[Collected data]
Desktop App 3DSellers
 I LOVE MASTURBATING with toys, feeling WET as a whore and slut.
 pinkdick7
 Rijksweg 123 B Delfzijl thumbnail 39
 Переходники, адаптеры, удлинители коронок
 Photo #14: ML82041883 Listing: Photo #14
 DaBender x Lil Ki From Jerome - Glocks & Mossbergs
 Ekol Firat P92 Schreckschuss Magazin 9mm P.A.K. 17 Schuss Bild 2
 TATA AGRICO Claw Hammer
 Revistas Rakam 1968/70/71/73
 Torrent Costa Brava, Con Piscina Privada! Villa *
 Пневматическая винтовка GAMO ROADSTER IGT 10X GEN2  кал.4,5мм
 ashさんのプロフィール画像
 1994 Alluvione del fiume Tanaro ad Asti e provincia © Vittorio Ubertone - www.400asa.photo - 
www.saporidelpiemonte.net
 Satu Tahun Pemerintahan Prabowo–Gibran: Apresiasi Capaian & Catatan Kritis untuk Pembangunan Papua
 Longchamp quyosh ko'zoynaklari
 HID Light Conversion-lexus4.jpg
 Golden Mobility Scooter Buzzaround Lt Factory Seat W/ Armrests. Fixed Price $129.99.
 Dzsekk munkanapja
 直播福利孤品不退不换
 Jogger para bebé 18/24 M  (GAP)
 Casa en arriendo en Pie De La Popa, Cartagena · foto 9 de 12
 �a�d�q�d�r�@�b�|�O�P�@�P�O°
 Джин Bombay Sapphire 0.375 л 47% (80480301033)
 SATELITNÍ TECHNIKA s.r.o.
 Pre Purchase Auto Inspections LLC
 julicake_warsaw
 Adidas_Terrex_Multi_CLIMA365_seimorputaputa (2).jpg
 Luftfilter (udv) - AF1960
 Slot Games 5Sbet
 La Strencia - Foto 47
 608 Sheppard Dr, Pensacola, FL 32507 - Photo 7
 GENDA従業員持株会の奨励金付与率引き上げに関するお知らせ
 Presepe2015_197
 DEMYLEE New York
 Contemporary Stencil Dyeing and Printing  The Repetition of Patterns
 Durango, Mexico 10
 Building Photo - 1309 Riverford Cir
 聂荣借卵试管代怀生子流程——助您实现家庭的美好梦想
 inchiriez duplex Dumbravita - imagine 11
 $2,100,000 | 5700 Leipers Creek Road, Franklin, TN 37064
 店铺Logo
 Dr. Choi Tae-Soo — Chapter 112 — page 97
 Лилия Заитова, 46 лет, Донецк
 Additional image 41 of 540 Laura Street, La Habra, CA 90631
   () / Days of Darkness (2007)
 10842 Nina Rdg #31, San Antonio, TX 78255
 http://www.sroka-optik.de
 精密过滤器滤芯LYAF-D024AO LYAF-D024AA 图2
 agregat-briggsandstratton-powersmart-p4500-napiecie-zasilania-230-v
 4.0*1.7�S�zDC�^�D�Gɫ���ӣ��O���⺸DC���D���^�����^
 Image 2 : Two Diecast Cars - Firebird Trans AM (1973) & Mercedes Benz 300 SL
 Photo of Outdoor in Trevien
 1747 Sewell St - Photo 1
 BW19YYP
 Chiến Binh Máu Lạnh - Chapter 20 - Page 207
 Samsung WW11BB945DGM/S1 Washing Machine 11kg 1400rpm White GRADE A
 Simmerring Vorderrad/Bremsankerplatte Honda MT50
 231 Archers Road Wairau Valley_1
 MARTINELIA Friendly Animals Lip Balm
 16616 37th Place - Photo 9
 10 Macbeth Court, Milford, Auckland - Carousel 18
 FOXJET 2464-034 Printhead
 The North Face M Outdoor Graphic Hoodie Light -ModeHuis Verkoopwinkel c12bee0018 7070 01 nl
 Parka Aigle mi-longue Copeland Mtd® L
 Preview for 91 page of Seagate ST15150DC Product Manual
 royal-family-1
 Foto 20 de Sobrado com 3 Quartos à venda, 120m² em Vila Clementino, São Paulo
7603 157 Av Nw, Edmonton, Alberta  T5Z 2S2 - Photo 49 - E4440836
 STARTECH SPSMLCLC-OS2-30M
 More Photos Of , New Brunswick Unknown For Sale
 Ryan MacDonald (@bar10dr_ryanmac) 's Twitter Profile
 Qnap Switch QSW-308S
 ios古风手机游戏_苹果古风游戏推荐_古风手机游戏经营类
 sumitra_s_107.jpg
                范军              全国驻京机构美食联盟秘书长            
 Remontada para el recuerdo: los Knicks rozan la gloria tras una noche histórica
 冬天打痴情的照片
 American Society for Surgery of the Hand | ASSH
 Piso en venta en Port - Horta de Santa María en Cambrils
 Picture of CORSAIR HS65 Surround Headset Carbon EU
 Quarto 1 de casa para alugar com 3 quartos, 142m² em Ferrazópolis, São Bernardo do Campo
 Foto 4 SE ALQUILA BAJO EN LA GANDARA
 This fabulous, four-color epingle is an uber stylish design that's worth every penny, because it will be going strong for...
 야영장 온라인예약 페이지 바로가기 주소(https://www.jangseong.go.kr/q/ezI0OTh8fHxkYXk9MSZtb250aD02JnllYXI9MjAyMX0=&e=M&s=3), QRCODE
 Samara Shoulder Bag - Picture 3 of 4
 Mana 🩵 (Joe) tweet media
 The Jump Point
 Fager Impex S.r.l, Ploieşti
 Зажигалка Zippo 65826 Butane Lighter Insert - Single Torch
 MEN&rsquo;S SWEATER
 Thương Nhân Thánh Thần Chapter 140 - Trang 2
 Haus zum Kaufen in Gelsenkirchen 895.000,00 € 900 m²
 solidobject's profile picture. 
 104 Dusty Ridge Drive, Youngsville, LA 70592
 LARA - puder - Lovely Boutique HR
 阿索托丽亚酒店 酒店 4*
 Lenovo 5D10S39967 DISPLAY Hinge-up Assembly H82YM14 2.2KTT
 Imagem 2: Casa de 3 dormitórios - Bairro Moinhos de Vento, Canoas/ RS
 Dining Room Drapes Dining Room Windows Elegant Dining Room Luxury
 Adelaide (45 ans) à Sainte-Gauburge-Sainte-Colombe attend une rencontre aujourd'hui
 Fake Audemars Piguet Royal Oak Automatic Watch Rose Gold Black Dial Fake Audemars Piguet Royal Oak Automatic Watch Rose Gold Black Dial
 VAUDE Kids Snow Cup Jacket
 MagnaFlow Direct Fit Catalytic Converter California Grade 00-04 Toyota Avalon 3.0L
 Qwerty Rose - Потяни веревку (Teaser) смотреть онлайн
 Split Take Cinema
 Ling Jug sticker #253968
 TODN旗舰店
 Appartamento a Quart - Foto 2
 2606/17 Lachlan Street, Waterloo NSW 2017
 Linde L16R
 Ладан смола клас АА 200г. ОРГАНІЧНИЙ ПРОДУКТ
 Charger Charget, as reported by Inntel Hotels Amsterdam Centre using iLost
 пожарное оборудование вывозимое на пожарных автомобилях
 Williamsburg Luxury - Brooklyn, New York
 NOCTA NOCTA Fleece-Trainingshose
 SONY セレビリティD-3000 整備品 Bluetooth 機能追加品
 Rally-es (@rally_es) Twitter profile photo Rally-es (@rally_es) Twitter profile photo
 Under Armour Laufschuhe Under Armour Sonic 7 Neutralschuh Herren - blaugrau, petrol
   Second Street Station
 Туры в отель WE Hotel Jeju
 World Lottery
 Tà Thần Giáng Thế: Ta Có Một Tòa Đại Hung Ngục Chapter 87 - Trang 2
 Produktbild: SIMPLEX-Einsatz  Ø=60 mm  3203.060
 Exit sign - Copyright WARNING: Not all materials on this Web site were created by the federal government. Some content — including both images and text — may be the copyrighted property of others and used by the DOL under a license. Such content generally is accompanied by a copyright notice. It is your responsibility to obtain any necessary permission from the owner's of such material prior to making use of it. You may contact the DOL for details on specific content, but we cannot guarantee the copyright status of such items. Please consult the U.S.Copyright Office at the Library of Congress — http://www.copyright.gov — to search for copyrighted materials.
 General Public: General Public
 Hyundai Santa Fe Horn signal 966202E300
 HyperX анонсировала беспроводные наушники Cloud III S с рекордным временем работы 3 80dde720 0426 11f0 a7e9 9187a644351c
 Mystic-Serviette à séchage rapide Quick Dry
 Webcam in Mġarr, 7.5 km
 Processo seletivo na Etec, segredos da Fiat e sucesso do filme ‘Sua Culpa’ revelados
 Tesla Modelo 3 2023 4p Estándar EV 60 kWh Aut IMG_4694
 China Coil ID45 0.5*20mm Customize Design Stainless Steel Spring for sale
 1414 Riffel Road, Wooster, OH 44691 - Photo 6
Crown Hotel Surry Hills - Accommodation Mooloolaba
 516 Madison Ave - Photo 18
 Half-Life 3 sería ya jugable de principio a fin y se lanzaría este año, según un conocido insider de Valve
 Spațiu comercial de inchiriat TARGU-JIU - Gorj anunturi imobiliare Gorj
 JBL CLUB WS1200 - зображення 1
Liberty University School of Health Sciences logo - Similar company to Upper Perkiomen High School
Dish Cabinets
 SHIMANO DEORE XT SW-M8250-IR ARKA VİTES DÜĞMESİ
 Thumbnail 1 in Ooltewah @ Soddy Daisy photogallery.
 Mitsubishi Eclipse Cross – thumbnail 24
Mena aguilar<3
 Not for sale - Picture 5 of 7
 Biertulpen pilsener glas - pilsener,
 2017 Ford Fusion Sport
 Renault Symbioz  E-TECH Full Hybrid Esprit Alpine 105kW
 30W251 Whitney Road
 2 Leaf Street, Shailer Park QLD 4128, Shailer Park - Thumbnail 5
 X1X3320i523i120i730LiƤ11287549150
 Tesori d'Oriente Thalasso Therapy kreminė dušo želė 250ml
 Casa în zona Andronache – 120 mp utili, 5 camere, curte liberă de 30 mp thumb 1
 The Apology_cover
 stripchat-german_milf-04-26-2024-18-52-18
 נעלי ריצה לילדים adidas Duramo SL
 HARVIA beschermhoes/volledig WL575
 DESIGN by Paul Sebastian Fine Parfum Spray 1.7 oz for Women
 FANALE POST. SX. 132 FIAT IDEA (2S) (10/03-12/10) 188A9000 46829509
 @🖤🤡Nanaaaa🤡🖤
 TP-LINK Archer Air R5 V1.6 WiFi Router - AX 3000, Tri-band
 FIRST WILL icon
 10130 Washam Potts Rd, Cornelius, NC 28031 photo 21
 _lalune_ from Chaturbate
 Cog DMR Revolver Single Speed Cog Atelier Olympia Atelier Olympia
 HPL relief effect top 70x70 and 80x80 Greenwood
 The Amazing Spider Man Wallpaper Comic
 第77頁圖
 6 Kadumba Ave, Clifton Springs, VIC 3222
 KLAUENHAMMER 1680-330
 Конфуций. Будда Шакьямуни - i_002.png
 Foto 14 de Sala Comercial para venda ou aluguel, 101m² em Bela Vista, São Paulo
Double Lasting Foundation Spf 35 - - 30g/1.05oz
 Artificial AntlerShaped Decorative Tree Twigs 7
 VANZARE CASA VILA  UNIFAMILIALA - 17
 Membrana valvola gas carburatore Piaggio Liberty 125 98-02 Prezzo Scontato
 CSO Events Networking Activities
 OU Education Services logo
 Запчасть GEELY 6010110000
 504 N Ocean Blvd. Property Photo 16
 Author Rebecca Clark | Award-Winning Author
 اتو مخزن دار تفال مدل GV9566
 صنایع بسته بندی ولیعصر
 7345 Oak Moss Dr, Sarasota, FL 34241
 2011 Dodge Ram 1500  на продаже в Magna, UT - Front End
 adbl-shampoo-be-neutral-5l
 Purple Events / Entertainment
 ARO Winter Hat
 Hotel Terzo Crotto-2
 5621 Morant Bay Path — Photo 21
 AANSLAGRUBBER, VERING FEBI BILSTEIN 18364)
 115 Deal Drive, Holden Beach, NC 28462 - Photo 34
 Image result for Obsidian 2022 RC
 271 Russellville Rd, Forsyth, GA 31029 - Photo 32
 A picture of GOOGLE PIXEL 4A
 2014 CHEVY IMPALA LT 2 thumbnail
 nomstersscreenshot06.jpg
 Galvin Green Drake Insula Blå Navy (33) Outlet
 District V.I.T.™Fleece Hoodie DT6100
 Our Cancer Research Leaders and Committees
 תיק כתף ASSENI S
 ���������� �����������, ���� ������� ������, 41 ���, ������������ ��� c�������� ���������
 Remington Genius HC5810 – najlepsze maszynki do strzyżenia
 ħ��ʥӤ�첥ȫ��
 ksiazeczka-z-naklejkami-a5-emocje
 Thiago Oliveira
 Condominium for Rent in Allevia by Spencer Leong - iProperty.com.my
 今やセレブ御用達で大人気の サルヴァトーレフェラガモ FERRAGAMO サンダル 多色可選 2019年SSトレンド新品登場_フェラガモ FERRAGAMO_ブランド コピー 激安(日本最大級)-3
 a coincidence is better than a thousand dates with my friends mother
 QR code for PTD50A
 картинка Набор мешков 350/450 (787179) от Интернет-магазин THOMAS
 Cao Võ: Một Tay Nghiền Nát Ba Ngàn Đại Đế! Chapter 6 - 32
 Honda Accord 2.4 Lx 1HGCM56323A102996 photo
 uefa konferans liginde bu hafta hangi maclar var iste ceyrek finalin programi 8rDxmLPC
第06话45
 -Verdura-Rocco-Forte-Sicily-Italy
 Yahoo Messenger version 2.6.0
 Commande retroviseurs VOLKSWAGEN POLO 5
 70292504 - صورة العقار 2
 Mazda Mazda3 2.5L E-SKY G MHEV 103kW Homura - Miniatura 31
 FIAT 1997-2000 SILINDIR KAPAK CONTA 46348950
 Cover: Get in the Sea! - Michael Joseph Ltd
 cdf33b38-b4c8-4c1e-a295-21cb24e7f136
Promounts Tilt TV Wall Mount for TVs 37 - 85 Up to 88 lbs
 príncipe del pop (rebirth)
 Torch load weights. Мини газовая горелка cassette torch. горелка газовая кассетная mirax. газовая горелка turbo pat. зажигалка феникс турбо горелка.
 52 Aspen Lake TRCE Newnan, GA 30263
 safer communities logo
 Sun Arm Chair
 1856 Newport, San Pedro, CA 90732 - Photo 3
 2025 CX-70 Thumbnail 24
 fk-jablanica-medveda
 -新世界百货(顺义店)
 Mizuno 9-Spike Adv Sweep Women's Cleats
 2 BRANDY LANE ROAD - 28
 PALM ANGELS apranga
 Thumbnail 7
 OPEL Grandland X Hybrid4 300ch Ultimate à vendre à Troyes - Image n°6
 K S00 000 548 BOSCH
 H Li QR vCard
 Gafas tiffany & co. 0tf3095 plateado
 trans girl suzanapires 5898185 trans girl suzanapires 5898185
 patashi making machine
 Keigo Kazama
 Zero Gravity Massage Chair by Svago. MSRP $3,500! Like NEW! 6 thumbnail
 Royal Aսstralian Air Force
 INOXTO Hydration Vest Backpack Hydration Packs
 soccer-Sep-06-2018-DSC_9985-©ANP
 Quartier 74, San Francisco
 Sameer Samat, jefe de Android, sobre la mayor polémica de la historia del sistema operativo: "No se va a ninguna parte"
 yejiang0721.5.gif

Assignment. In the records above, find the line containing "julicake_warsaw" and restate word for word every line from the first through that one.

Response to this exercise.
Desktop App 3DSellers
 I LOVE MASTURBATING with toys, feeling WET as a whore and slut.
 pinkdick7
 Rijksweg 123 B Delfzijl thumbnail 39
 Переходники, адаптеры, удлинители коронок
 Photo #14: ML82041883 Listing: Photo #14
 DaBender x Lil Ki From Jerome - Glocks & Mossbergs
 Ekol Firat P92 Schreckschuss Magazin 9mm P.A.K. 17 Schuss Bild 2
 TATA AGRICO Claw Hammer
 Revistas Rakam 1968/70/71/73
 Torrent Costa Brava, Con Piscina Privada! Villa *
 Пневматическая винтовка GAMO ROADSTER IGT 10X GEN2  кал.4,5мм
 ashさんのプロフィール画像
 1994 Alluvione del fiume Tanaro ad Asti e provincia © Vittorio Ubertone - www.400asa.photo - 
www.saporidelpiemonte.net
 Satu Tahun Pemerintahan Prabowo–Gibran: Apresiasi Capaian & Catatan Kritis untuk Pembangunan Papua
 Longchamp quyosh ko'zoynaklari
 HID Light Conversion-lexus4.jpg
 Golden Mobility Scooter Buzzaround Lt Factory Seat W/ Armrests. Fixed Price $129.99.
 Dzsekk munkanapja
 直播福利孤品不退不换
 Jogger para bebé 18/24 M  (GAP)
 Casa en arriendo en Pie De La Popa, Cartagena · foto 9 de 12
 �a�d�q�d�r�@�b�|�O�P�@�P�O°
 Джин Bombay Sapphire 0.375 л 47% (80480301033)
 SATELITNÍ TECHNIKA s.r.o.
 Pre Purchase Auto Inspections LLC
 julicake_warsaw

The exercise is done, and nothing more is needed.